2015-08-27 Thread Miguel Ruiz
ÜFigid

Enviado desde Type



En 27/08/2015, 18:14, en 18:14, Eric S Fraga e.fr...@ucl.ac.uk escrito:
On Thursday, 27 Aug 2015 at 23:33, Eric Abrahamsen wrote:
 Oh man, I should have known not to second-guess Org.

Gets me all the time!  :-)
-- 
: Eric S Fraga (0xFFFCF67D), Emacs 25.0.50.2, Org
release_8.3.1-176-g45abec


Re: [O] Easy entry of date ranges

2015-08-27 Thread Eric Abrahamsen
Eric S Fraga e.fr...@ucl.ac.uk writes:

 On Thursday, 27 Aug 2015 at 11:46, Eric Abrahamsen wrote:
 Ken Mankoff mank...@gmail.com writes:

 Org and the calendar make it fairly easy to enter time ranges, by
 typing -- and then the end time or + and then the duration. I'd
 like to do something similar for dates, but it doesn't seem to be
 supported. Is there an easy way to enter a date range for a scheduled
 task?

 [...]

 For a vacation, a plain timestamp is more appropriate. However! That
 just begs the question of how to make it easier to enter a date range.
 That's a question I don't know the answer to -- I suspect there isn't
 any way but just hitting a couple of hyphens and then C-c . again. I
 suppose Org could help by setting the default date of the end time to
 something after the start time.

 Eric

 Actually, org is quite smart in this respect.  if you enter a time stamp
 and then ask to enter another, org automatically inserts the -- between
 the two time stamps.  E.g. try this key sequence to get a time range
 that covers 7 days starting today:

   C-c . RET C-c . +6 RET

 and you should get: 2015-08-27 Thu--2015-09-02 Wed

Oh man, I should have known not to second-guess Org. Thank you so much
for this tip!




Re: [O] Easy entry of date ranges

2015-08-27 Thread Eric S Fraga
On Thursday, 27 Aug 2015 at 23:33, Eric Abrahamsen wrote:
 Oh man, I should have known not to second-guess Org.

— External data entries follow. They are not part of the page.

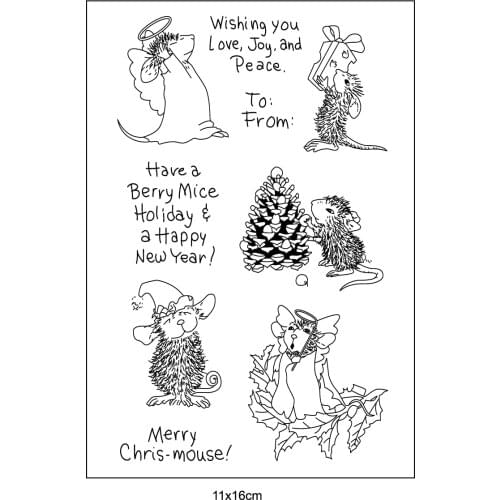 Mouse stamp Clear Stamp for Scrapbooking Transparent Silicone Rubber DIY Photo Album Decor A42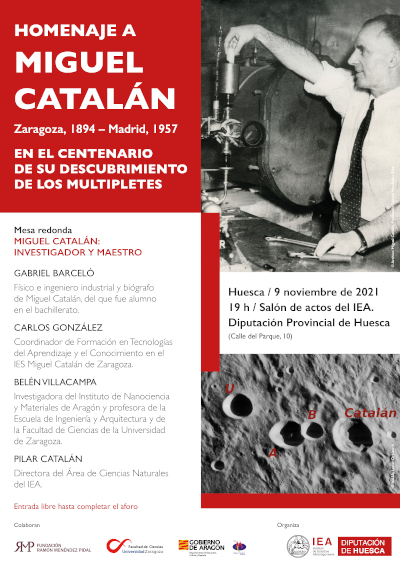A3_MIGUEL CATALAN.indd Homenaje a Miguel Catalán en el centenario de su descubrimiento de los multipletes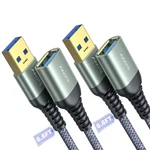 Ainope 2 Pack Usb Extensions Cable High Speed 3.0 Cord Type Male. Fixed Price $13.34.
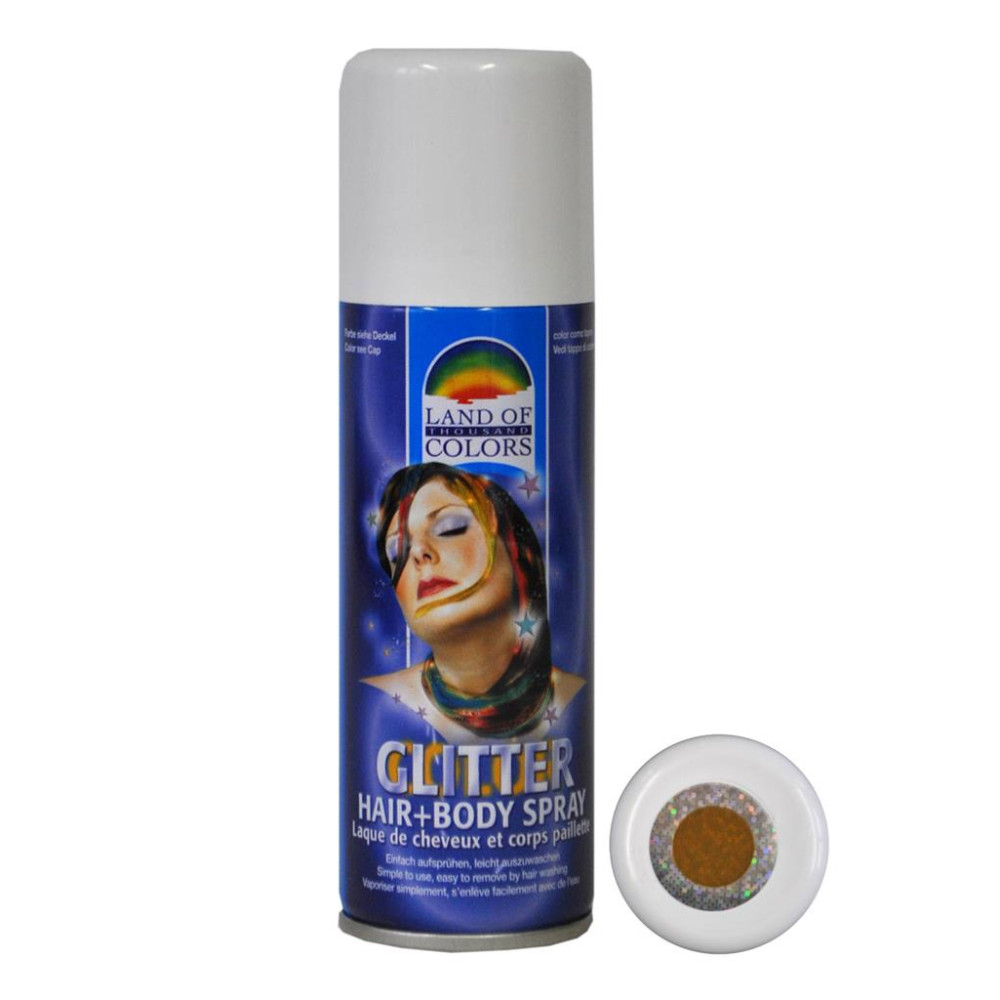 Σπρέι Μαλλιών Χρυσό Glitter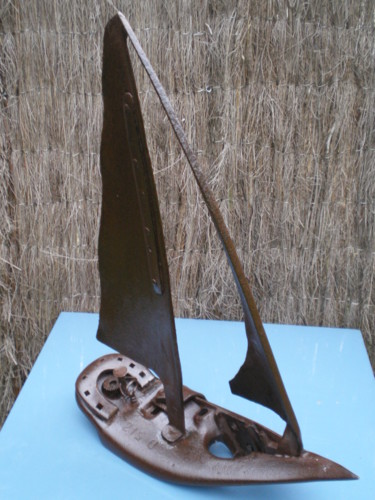 Sculpture intitulée "Formule 1 des mers ." par Jean Marc, Œuvre d'art originale
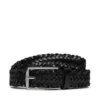 Calvin Klein Ανδρική Ζώνη Ck Casual Elongated Braided 35mm K50K512655-BEH Black Braided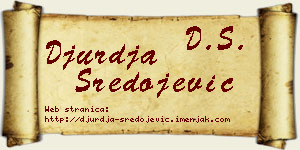 Đurđa Sredojević vizit kartica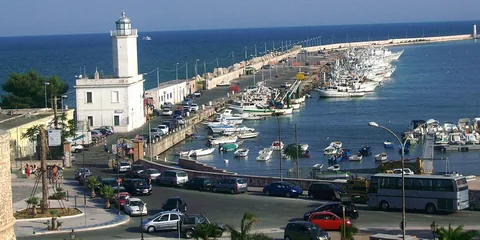 Manfredonia, İtalya manzarası
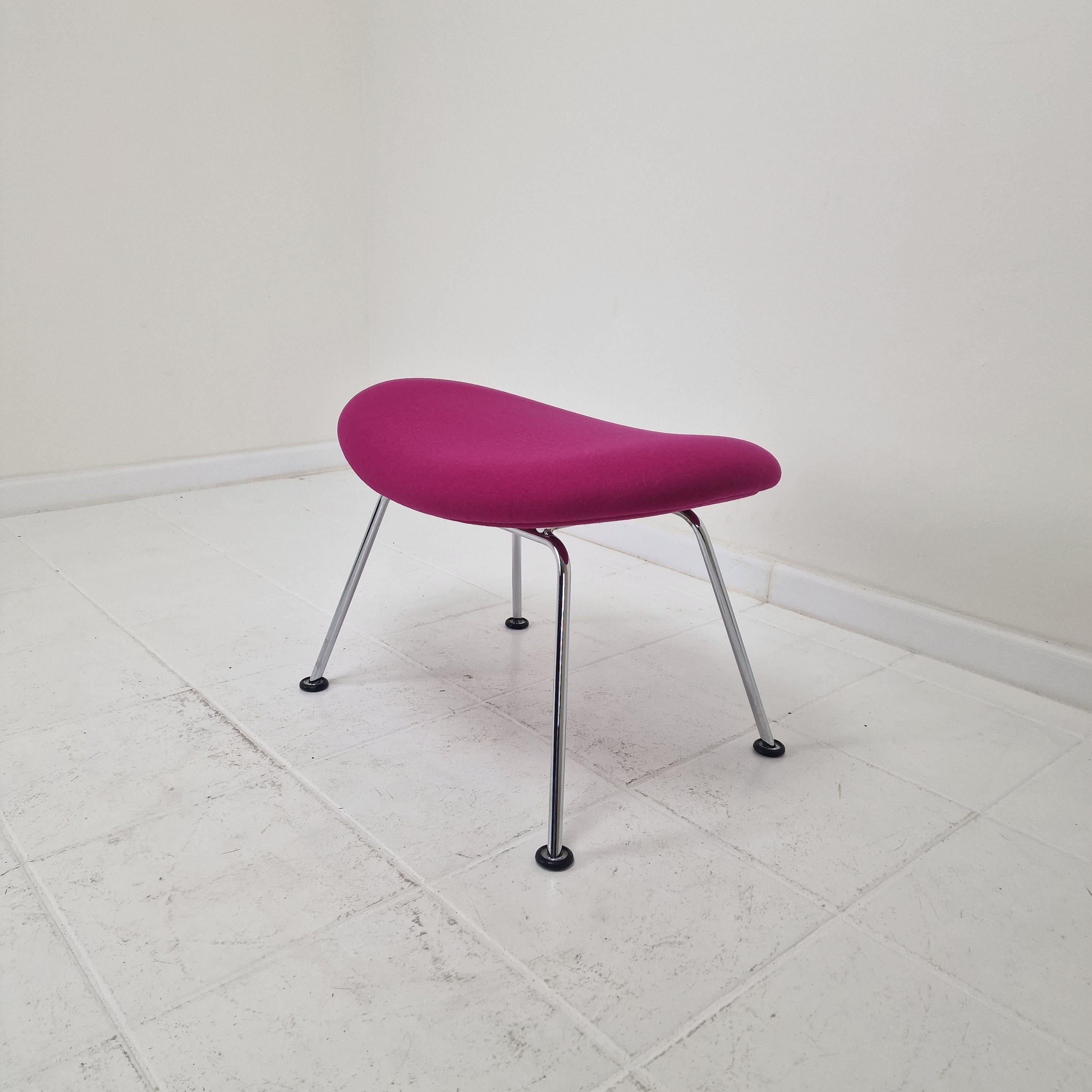 Silla Orange Slice con otomana de Pierre Paulin para Artifort, años 1980 en venta 9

Gets me all the time!  :-)
-- 
: Eric S Fraga (0xFFFCF67D), Emacs 25.0.50.2, Org release_8.3.1-176-g45abec



Re: [O] Easy entry of date ranges

2015-08-27 Thread Rasmus
Eric S Fraga e.fr...@ucl.ac.uk writes:

 if you enter a time stamp and then ask to enter another, org
 automatically inserts the -- between the two time stamps

I had no idea.  This is awesome!

Rasmus

-- 
When the facts change, I change my mind. What do you do, sir?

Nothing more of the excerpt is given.